Caterpillar cuts full-year outlook
A decline in mining activity worldwide and a drop in purchases by dealers prompts the big machinery maker to lower its 2012 forecast.
The company has lowered its guidance for the full-year 2012 revenues from $68-$70 billion to $66 billion and earnings per share from $9.60 to $9.00-$9.25. This downward revision in outlook was driven by declining mining activity worldwide and a decline in purchases made by Caterpillar's dealers in an attempt to reduce inventory levels.

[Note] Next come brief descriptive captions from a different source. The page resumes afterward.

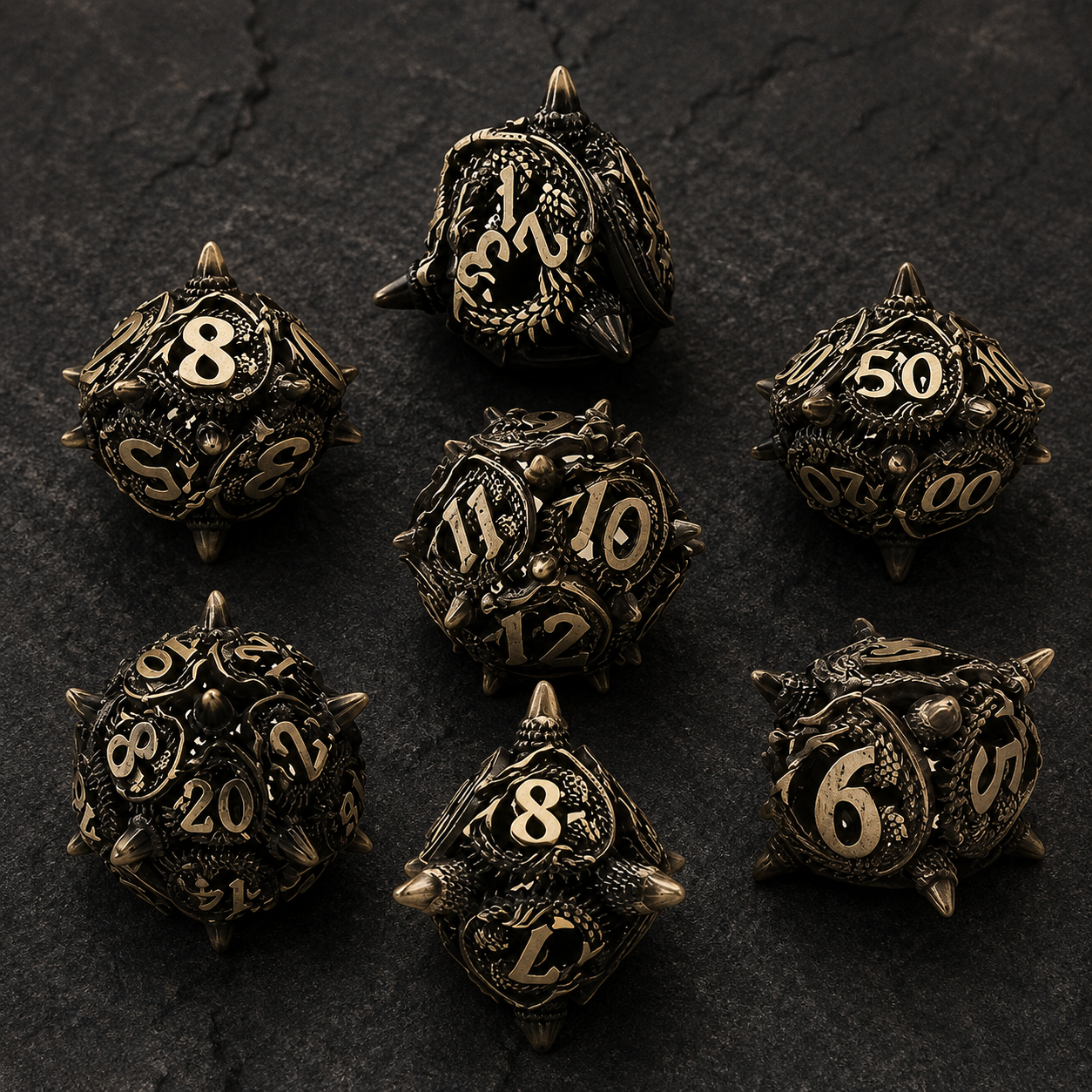Set de dés métalliques fantaisie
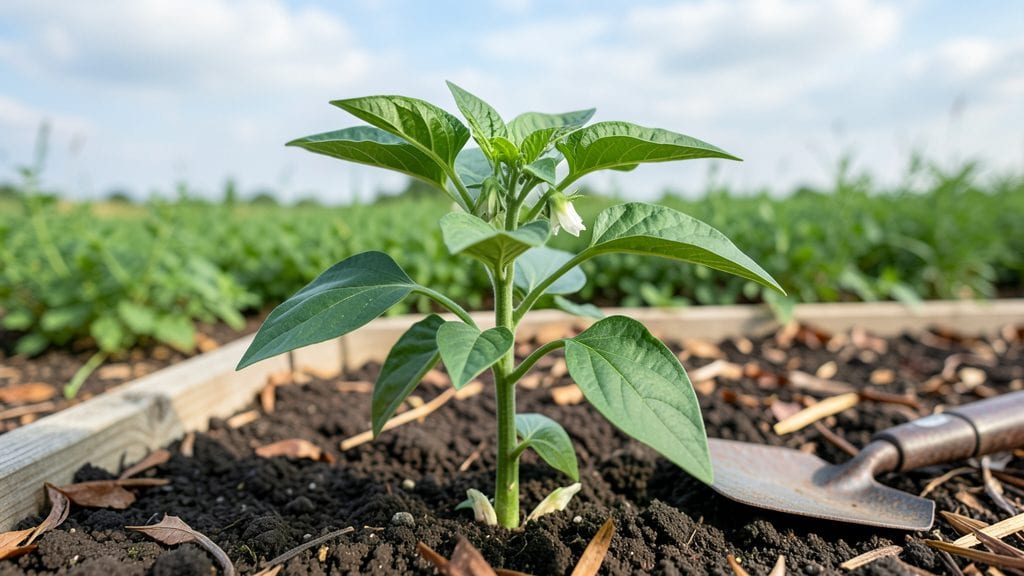 Pepper Seedling Identification: Leaf Shape and Stem Color Clues
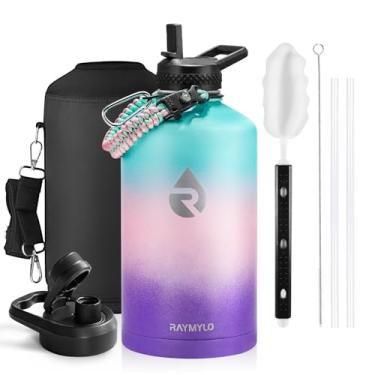 Imagem de Garrafa térmica para água RAYMYLO, aço inoxidável com parede tripla isolada a vácuo (fria por 48 h), jarra grande à prova de vazamento, sem BPA, alça de paracord, tampas de bico e canudo, 3,8 L
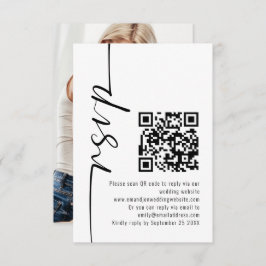 Modernes kalligrafisches Foto QR Code Wedding RSVP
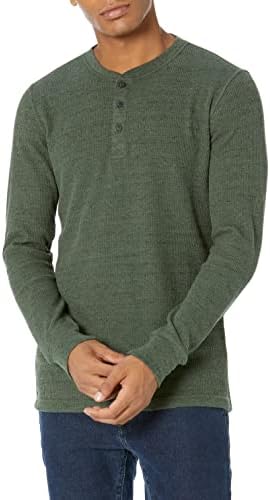 Amazon Essentials Long Sleeve Waffle Henley Shirts for Men, Slim-Fit, Olive Heather, Medium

Growth in Q3 driven by higher sales in North America and Asia Pacific region
Revenues increased 5% year over year, or $729 million, in the third quarter. This increase was driven by a combination of higher sales volume and better price realization, partially offset by the unfavorable impact of currency conversion. Geographically, sales increased 9% in North America and 8% in Asia-Pacific. Sales were marginally higher in the Middle East and Africa, while they were flat in Latin America and declined in Europe.

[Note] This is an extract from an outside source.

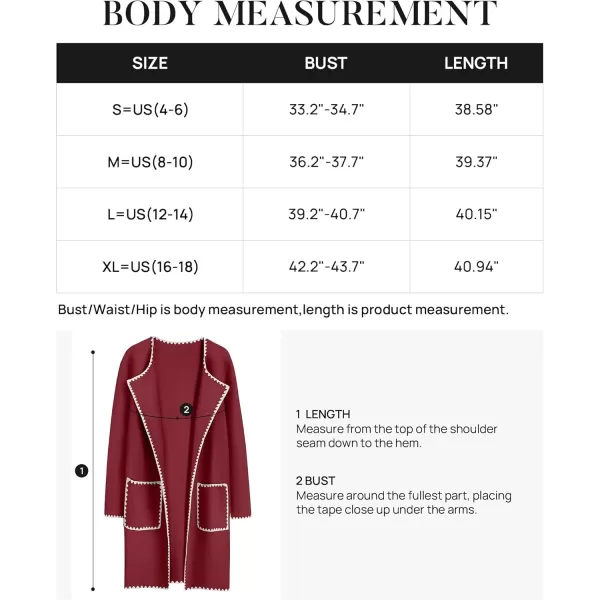 ZESICA Womens Open Front Long Cardigan Sweater Casual Lapel Coatigan Coat 2024 Fall Jacket Outerwear with PocketsWine Red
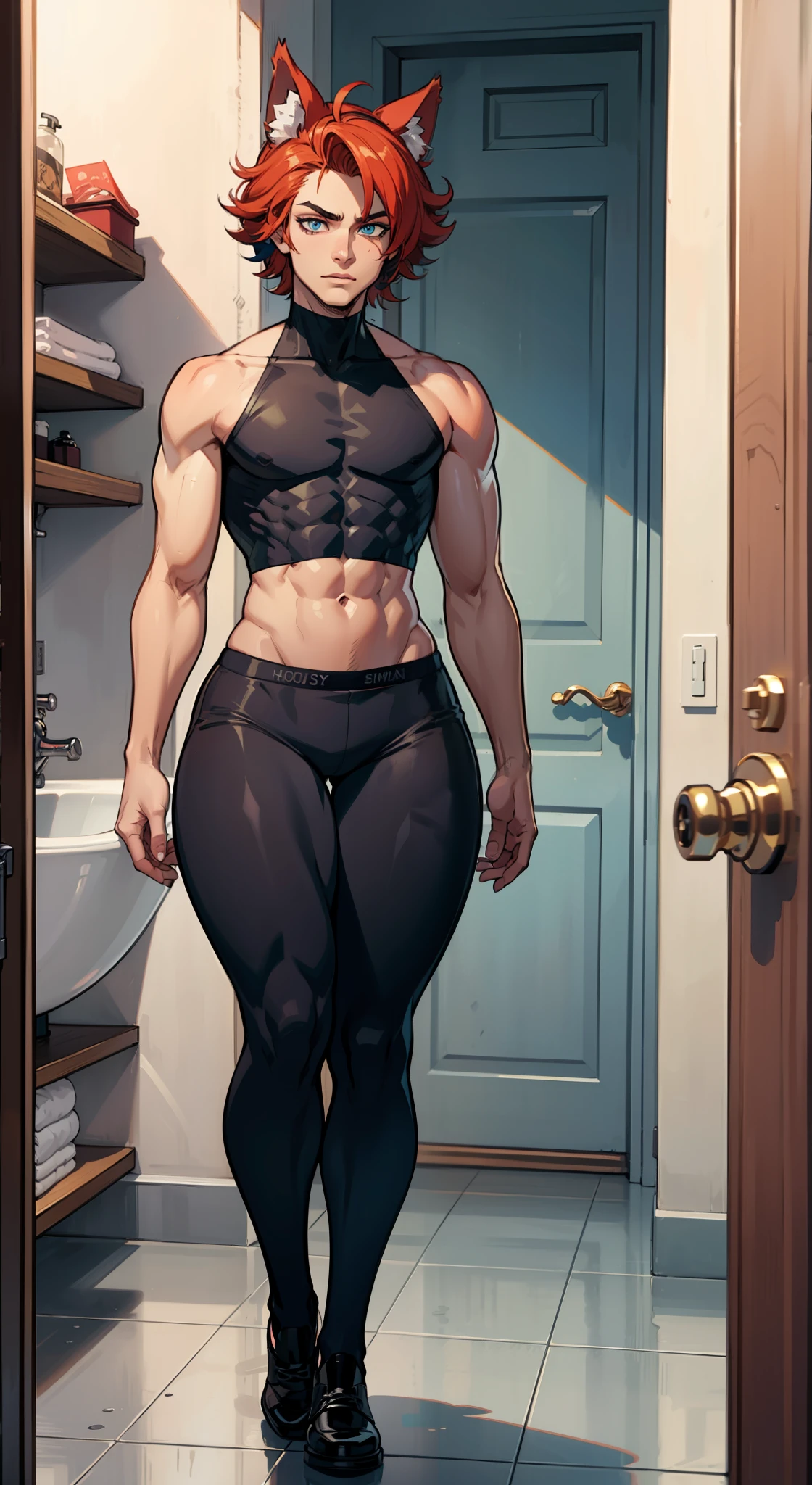 1boy, red short fluffy hair, vibrant sharp blue eyes, big sharp wolf ears, wolf tail, masterpiece, vibrant colors, shadows, bathroom setting, ((effeminine)), black gym shorts, slim waist, slim stomach, very large curvy butt, young, pale, male, slim male, please make him a soft boy, hourglass figure, slim figure, (((make him a femboy))))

Segment-wise, sales were up 13% in Caterpillar's mining business, 5% in its power systems business, and about flat in its construction business.

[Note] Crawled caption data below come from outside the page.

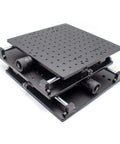 Top Shelf XY Axis Linear Stage With Knockout Matte Black Build For Laser Marking Engraving And Precision Optical Labs, 150mm slide.
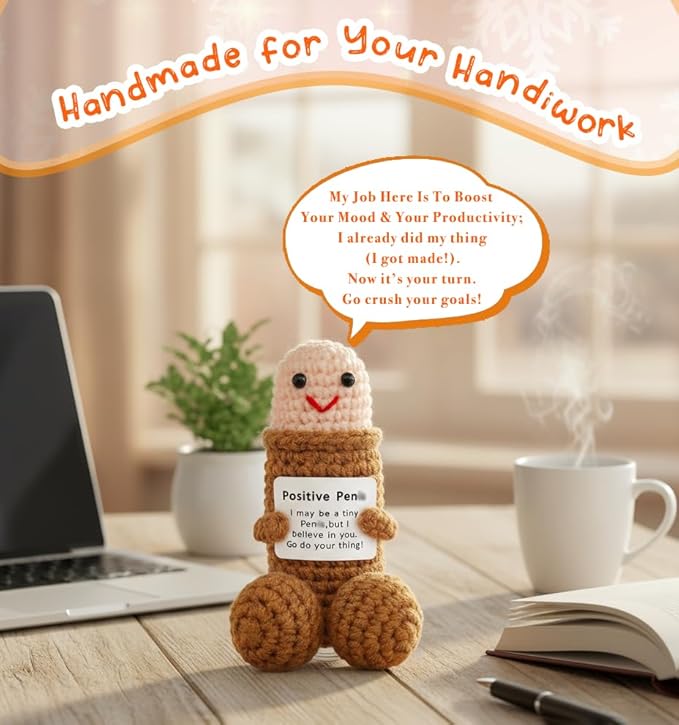 Funny Positive Crochet Animals Gag Doll Emotional Support Stuffed plushies for Adult Men Women,Weird Things Motivational White Elephant Christmas Gift (Brown Doll without Glasses)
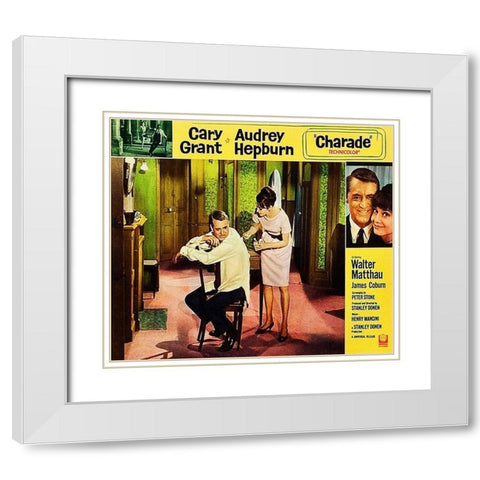 Cary Grant - Charade - Lobby Card White Modern Wood Framed Art Print with Double Matting by Hollywood Photo Archive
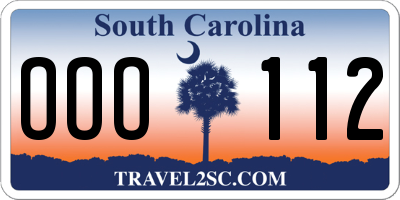 SC license plate OOO112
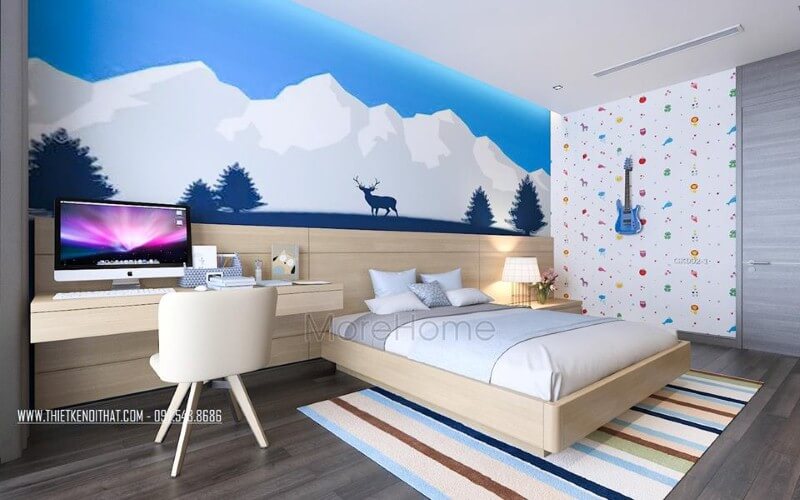 Tranh dán tường thiên nhiên sinh động, đẹp cho phòng con. Thiết kế phòng ngủ biệt thự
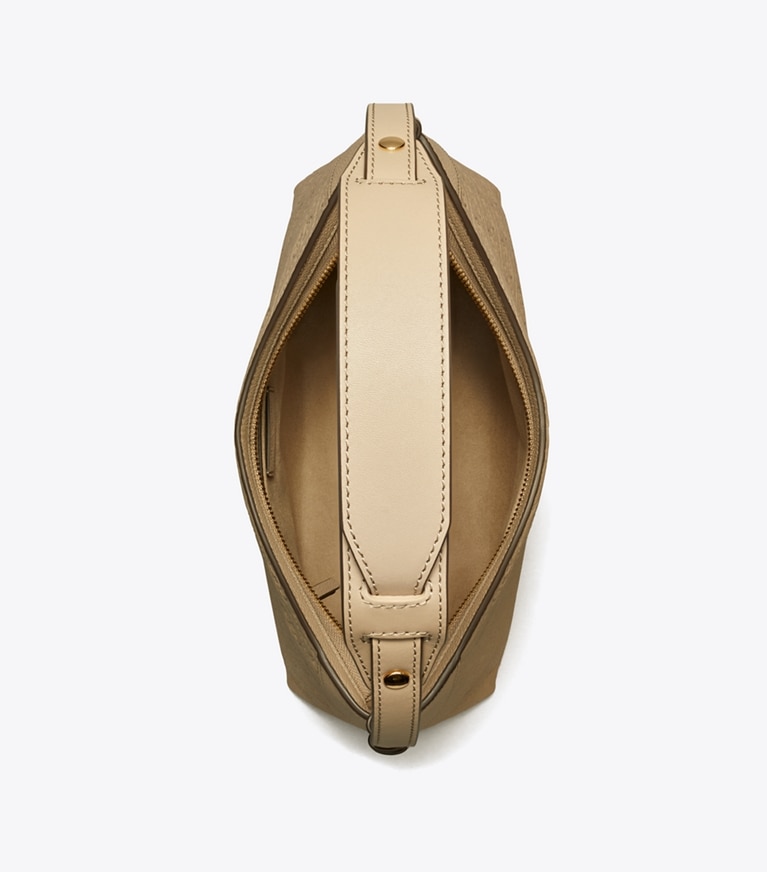 Tory Burch designer ショルダーバッグ Tモノグラム ペブルド メッセンジャーバッグ in Fresh Clay angle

However, going forward, the company anticipates sales in its mining business to be impacted from the declining mining activity worldwide. The sluggish global economic growth has kept prices of metals and coal suppressed for most of 2012. And prices are not expected to improve much in the fourth quarter or 2013 as Europe continues to battle recession, growth remains weak in other developed economies, and is expected to only marginally improve in emerging economies.
Lower prices of metals and coal have increased the pressure on margins of mining companies, prompting them to reduce investments. Australian iron-ore producer Fortescue Metals Group (FMG) recently cut its full-year capital expenditure by 26% to $4.6 billion. BHP Billiton, the world's largest mining company, has delayed projects worth $68 billion, and Vale (VALE) plans to cut its spending by 4% in 2013. This will impact the sales of mining equipment and machinery manufactured by Caterpillar over the coming months. The mining business constitutes nearly 42% of the total company value.
In addition, Caterpillar has indicated that the purchases made by its dealers have declined below their end-user purchase levels. This is likely an attempt by the dealers to lower inventories in view of the weak global economic environment. This will also impact Caterpillar's earnings in the fourth quarter and beyond. As a result, the company has lowered its earnings forecast for the full-year 2012.
Finally, due to the nature of Caterpillar's business that encompasses mining, construction and other basic industries, its earnings growth rate is closely linked to the global economic growth rate. And, until the growth of the latter doesn't pick up, Caterpillar will continue to post moderate growth.
We currently have a stock price estimate of $95, approximately 10% above its current market price.